Work to be completed:
Give back the data exactly, with no images.

Stored data:

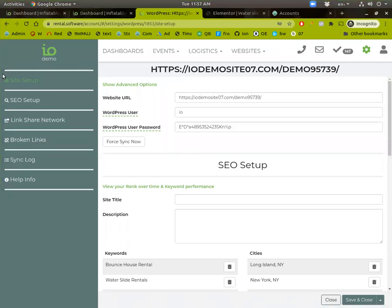Hey, Joel with Inflatable Office and Event Office, and I'm trying to show you how we have SEO built into our software.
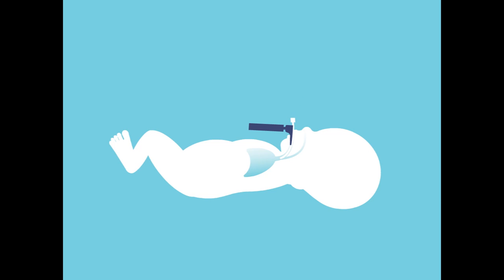The ET tube does not need to go far below the vocal cords. Once the ET tube passes through the vocal cords, the person performing the intubation will remove the metal laryngoscope carefully, leaving the soft, plastic ET tube in place.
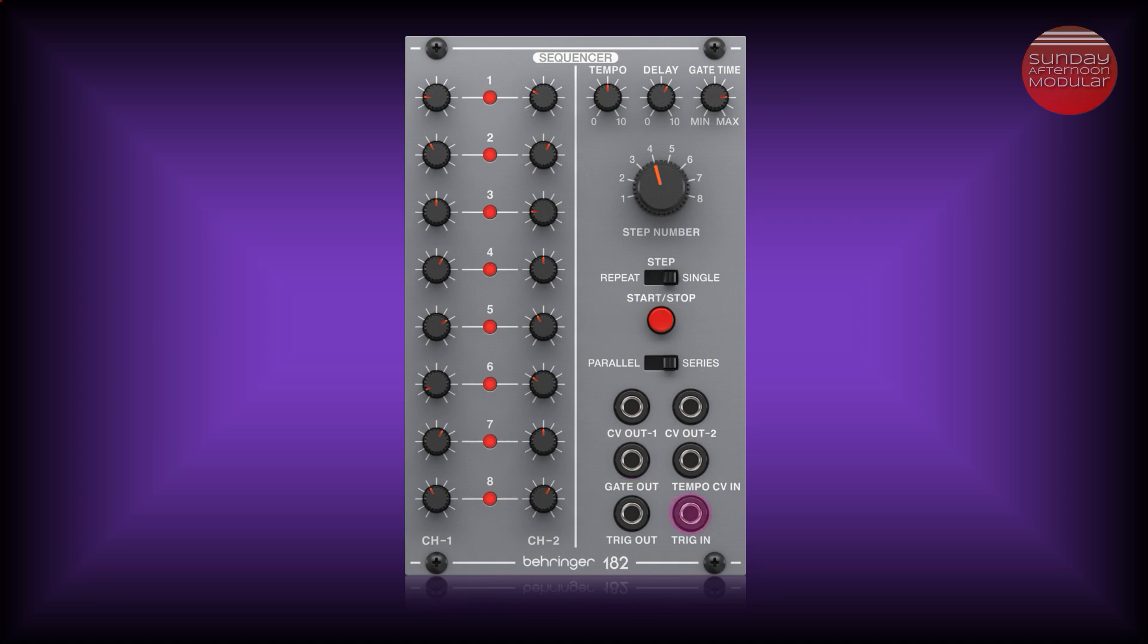Next is trig in. This input allows to patch in an external trigger signal. And trig out. This sends out the trigger signal every time the sequencer reaches its end step. Let's have a listen what we can do with it. And I will show you afterwards how you have to patch it to different modules.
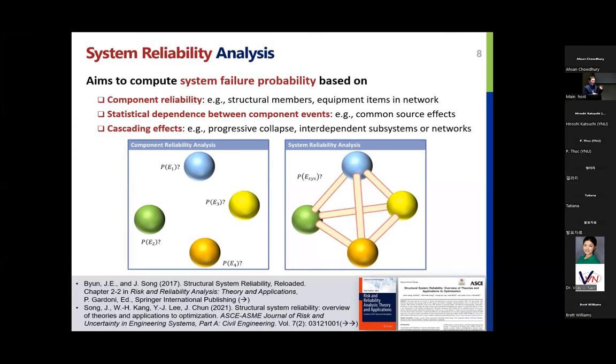The failure at system level — the probability of a system level failure. In order to do that, we need to know the reliability of individual components. We should also understand statistical dependence between component failure events, and sometimes consider cascading effects like progressive collapse. Today I will mention what this system reliability is about.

Solution for this problem:
Hey, Joel with Inflatable Office and Event Office, and I'm trying to show you how we have SEO built into our software.
The ET tube does not need to go far below the vocal cords. Once the ET tube passes through the vocal cords, the person performing the intubation will remove the metal laryngoscope carefully, leaving the soft, plastic ET tube in place.
Next is trig in. This input allows to patch in an external trigger signal. And trig out. This sends out the trigger signal every time the sequencer reaches its end step. Let's have a listen what we can do with it. And I will show you afterwards how you have to patch it to different modules.
The failure at system level — the probability of a system level failure. In order to do that, we need to know the reliability of individual components. We should also understand statistical dependence between component failure events, and sometimes consider cascading effects like progressive collapse. Today I will mention what this system reliability is about.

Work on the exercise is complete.